It is a good idea to include language on employment applications that specifically authorizes you to conduct thorough background checks, but rest assured you are entitled to pre-screen employees. You just have to be careful how you use the information obtained.
Employers need to be especially careful in three areas.
First, employers may deny employment to someone with a conviction record only if there is a substantial relationship between the crime in question and the person's ability to perform the job. For example, you would be well within your rights to deny employment to a driver who has a reckless driving record. But you could not legally deny employment to a driver because he or she has a 15-year-old disorderly conduct conviction. Likewise, a bank may turn down a teller applicant because he or she has a shoplifting record but not because of a speeding citation.
Employers who adapt a cart blanche rule of refusing to hire anyone with a conviction regardless of whether there is such a substantial relationship could be held liable for employment discrimination in Wisconsin and certain other states.

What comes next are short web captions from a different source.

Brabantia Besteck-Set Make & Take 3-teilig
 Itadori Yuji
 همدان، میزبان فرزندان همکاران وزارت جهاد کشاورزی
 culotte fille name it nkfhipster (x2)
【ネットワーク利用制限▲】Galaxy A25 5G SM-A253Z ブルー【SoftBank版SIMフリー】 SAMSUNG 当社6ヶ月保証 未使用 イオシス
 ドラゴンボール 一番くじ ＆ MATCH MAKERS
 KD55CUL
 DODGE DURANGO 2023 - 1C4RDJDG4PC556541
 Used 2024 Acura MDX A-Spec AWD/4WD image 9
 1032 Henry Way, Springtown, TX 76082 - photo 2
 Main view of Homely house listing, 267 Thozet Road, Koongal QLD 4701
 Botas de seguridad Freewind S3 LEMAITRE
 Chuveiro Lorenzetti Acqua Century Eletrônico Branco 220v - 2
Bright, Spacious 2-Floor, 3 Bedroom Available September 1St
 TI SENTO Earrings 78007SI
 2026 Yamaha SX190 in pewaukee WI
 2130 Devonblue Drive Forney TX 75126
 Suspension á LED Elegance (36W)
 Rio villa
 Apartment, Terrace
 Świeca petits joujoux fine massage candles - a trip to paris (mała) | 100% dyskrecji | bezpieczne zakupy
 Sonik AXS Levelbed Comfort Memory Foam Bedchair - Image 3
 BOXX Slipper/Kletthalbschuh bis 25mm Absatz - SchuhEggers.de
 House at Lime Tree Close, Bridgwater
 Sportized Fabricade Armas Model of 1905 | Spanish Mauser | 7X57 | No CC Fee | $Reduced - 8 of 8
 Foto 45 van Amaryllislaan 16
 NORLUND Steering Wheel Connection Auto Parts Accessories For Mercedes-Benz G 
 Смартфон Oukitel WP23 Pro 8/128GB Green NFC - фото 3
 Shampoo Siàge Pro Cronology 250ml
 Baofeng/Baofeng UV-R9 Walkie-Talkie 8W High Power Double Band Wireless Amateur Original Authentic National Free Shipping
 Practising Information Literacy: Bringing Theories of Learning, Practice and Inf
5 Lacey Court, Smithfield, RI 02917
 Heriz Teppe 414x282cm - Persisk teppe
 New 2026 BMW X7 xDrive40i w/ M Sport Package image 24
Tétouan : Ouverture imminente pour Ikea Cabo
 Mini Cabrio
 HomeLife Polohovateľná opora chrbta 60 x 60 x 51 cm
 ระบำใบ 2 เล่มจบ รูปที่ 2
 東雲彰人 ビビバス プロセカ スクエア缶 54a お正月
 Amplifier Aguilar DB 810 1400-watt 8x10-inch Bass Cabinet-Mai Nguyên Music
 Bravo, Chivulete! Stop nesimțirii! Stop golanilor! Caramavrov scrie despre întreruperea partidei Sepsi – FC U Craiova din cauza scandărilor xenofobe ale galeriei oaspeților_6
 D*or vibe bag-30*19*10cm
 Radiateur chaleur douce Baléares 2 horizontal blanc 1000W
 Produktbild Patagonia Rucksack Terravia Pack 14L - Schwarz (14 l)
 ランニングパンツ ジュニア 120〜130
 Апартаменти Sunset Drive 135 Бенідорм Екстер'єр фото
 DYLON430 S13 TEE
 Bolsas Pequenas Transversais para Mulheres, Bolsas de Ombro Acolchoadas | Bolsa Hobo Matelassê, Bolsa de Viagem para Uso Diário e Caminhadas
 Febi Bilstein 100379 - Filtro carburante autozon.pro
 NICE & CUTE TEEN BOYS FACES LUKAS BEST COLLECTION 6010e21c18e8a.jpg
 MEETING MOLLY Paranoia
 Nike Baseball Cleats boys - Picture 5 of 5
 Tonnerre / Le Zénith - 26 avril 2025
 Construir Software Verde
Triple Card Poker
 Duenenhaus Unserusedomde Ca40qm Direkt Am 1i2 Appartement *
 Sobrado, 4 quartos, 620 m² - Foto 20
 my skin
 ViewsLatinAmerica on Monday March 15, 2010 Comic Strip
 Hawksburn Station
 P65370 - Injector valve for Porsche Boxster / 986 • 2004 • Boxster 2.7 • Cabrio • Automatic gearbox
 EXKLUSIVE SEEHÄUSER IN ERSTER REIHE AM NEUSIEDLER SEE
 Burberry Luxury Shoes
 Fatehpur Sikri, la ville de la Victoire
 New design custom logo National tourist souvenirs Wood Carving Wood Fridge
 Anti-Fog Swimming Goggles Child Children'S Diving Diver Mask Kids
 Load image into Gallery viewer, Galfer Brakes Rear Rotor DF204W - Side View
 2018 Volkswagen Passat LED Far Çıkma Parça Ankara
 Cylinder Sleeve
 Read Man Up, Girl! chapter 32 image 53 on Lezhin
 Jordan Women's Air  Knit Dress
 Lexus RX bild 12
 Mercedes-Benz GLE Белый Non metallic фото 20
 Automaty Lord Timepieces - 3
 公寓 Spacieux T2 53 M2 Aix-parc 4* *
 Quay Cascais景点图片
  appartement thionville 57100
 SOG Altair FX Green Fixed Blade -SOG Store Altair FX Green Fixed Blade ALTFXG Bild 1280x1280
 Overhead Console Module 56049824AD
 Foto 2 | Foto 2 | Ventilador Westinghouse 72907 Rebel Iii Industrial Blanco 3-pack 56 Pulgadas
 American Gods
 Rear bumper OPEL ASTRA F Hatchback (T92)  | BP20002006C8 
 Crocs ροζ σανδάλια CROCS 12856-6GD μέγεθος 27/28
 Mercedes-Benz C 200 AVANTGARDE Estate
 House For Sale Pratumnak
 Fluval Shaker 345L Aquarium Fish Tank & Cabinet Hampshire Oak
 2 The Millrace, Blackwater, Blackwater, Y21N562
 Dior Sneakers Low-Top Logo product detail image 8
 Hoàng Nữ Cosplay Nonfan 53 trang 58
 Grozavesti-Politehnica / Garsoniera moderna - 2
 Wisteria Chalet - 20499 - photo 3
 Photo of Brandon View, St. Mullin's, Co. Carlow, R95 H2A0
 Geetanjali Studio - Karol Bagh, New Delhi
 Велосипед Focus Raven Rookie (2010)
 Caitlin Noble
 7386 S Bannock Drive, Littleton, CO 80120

Second, you may also screen a potential applicant's financial history. If you do it yourself, there is minimal risk. If, however, you use a credit reporting agency or other third party, you must have the applicant's signed authorization in advance and assure him or her certain rights, such as the opportunity to see the information you obtained if you deny employment. That enables applicants to know what you heard from third parties so they may dispute it if they choose. This right is especially important in this age of identity theft.
Finally, if you're going to conduct background checks, it is advisable to do so uniformly across all employee groups to minimize the risk of employment discrimination claims based upon race, national origin, sex, disability or other prohibited grounds. That doesn't mean that if you pre-screen for one position, you must do so for all. It just means that if you are going to pre-screen for one secretary, it is advisable to do so for all secretaries. If you are going to pre-screen for one driver, it would be best to pre-screen all potential drivers.
Some industries, such as health care, child care and certain financial institutions, are required to do background checks, but it is a good idea for any company that wants to decrease employee turnover, protect itself from liability claims and build a high-functioning, productive team.